CBC Sport
- Type: Private television
- Country: Azerbaijan
- Broadcast area: Nationwide
- Headquarters: Babak Avenue, Baku

Programming
- Language(s): Azerbaijani
- Picture format: 1080i HDTV

Ownership
- Owner: SOCAR
- Sister channels: CBC TV; Xazar TV;

History
- Launched: 9 August 2015; 9 years ago (online); 1 November 2015; 9 years ago (linear);

Links
- Website: www.cbcsport.az

= CBC Sport =

CBC Sport is an Azerbaijani sports-oriented television channel owned and operated by SOCAR through its media wing, SOCAR Public Media Union. Originally launched as a web channel on 9 August 2015, it was later launched as a linear television channel. It is a sister channel of CBC, competing with state-owned Idman Azerbaijan TV. CBC Sport is headquartered at Babak Avenue in Baku.

== History ==
Plans to launch a dedicated sports channel came after CBC won the rights to broadcast the Azerbaijan Premier League in early August 2015. Although CBC primarily broadcasts in Russian alongside some other foreign languages, the games were broadcast with Azerbaijani commentary before the launch of CBC Sport. It was launched exclusively on the internet on 9 August 2015. Later on 8 September, the National Television and Radio Council granted CBC Sport a license through a non-competition special consent, allowing the channel to broadcast nationally over the air for six years.

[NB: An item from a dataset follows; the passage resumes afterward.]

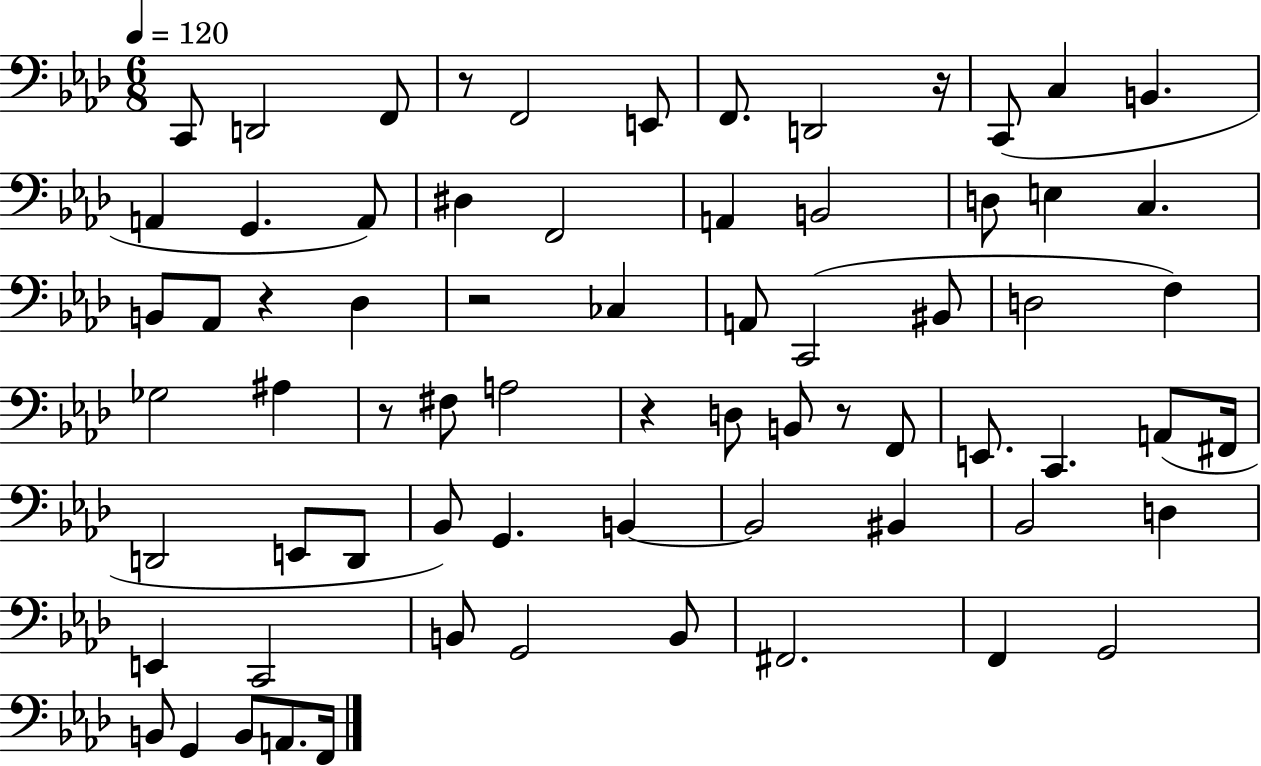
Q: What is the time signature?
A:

CBC Sport commenced experimental broadcasts on 1 October 2015 in the high-definition format, being the first television channel in Azerbaijan to do so. The test broadcasts were only receiveable in certain areas. CBC Sports began official broadcasts as a linear channel on 1 November, becoming the second sports-oriented television channel in Azerbaijan after Idman TV. It later began broadcasting using the Azerspace-1 satellite after an agreement was signed between the channel and Azercosmos. Its license to broadcast was later upgraded to being indefinite by the council on 21 December 2015.